Friday, June 11, 2010

Positive Thoughts on BP: Bruce Lanni on the Kudlow Report, Volatility Index

In a follow-up to a very recently published article of mine, I felt it only necessary to share some positive thoughts regarding the BP situation from Bruce Lanni of Nollenberger Capital Partners. Consider the following analysis:

* Total expenses are estimated at $30 billion (approximately $6 billion via the cleanup and roughly $24 billion from punitive and civil claims), well under several estimates of $50-100 billion!
* BP has only a 65% interest in the situation (what about Anadarko, Transocean, and other potential players?)
* The dividend will potentially not be cut, but only suspended for one quarter, then resume
* Two relief wells are currently being drilled and once finalized, will seal the wrecked well
* …And I quote, “Bankruptcy is not even a remote possibility; the U.S. Government has a better chance of becoming insolvent before BP”
* The capture rate can maybe rise to 75-80% by as early as next week
* BP has not been deceiving us (we must not confuse deception with ambiguity that comes with operations 5,000 feet below sea level)
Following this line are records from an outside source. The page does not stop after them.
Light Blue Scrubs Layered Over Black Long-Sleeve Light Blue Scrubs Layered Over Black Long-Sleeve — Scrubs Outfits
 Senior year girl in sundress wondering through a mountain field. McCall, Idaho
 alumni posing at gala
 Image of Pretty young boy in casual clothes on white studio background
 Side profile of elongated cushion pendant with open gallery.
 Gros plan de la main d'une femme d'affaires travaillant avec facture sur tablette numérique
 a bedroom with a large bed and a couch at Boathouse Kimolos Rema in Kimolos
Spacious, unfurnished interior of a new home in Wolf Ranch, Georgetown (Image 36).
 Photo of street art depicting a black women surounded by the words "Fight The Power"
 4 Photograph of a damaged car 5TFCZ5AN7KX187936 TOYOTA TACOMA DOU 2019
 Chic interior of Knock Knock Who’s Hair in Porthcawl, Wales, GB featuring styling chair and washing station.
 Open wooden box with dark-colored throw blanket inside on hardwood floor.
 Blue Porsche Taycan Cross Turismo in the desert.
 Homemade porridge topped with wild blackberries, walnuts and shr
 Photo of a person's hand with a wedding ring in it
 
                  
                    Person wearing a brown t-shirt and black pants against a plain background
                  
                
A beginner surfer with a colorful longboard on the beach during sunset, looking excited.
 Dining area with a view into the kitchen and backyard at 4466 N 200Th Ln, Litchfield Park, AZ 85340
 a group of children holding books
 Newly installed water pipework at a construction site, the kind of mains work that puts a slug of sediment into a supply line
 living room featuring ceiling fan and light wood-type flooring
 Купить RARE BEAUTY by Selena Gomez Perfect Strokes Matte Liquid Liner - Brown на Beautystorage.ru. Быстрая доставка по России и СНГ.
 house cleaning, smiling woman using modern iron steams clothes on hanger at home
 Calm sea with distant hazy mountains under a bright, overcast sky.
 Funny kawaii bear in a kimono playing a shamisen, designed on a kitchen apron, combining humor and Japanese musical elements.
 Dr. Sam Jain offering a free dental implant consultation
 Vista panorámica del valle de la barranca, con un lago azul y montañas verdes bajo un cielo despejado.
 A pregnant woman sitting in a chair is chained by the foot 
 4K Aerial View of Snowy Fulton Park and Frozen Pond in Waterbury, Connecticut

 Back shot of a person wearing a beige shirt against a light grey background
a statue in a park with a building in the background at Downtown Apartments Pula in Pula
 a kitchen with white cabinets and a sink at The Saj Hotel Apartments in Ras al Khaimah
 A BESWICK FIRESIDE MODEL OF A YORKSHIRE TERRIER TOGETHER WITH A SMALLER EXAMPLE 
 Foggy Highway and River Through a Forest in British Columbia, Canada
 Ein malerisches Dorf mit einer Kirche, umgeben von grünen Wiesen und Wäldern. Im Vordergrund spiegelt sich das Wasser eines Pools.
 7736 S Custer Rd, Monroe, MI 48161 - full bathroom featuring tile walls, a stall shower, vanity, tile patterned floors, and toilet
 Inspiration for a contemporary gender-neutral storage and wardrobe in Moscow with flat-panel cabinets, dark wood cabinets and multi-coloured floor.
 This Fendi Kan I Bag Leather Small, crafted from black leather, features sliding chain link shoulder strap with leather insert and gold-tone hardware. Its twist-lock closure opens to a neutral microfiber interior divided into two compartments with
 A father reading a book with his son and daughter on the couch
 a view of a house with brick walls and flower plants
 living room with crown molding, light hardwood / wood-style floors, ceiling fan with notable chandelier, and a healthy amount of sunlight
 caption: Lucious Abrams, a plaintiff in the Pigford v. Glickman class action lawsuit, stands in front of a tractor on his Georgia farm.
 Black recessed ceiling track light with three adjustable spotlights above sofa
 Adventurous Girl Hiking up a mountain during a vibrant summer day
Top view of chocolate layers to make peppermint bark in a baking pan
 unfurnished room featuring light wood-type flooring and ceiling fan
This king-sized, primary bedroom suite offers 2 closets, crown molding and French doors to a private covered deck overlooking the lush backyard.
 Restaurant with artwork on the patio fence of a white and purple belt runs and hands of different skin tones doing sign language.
As I have actively wrote about put options on the VIX here and here, when the oil spill fiasco concludes, consider there will be one less detriment to the U.S. equity markets. Investors will be more willing to buy underlying stock rather than options, where committing capital is less of a burden. The VIX, also known as the investor fear gauge, can then possibly revert to its mean of roughly 21 over time (historical data beginning in January 2004), after closing at 28.79 one week before options expirations.

Reasons that further compliment the argument for a decline in the VIX do not pertain to this article.


Disclosure: Long VIX puts at time of writing.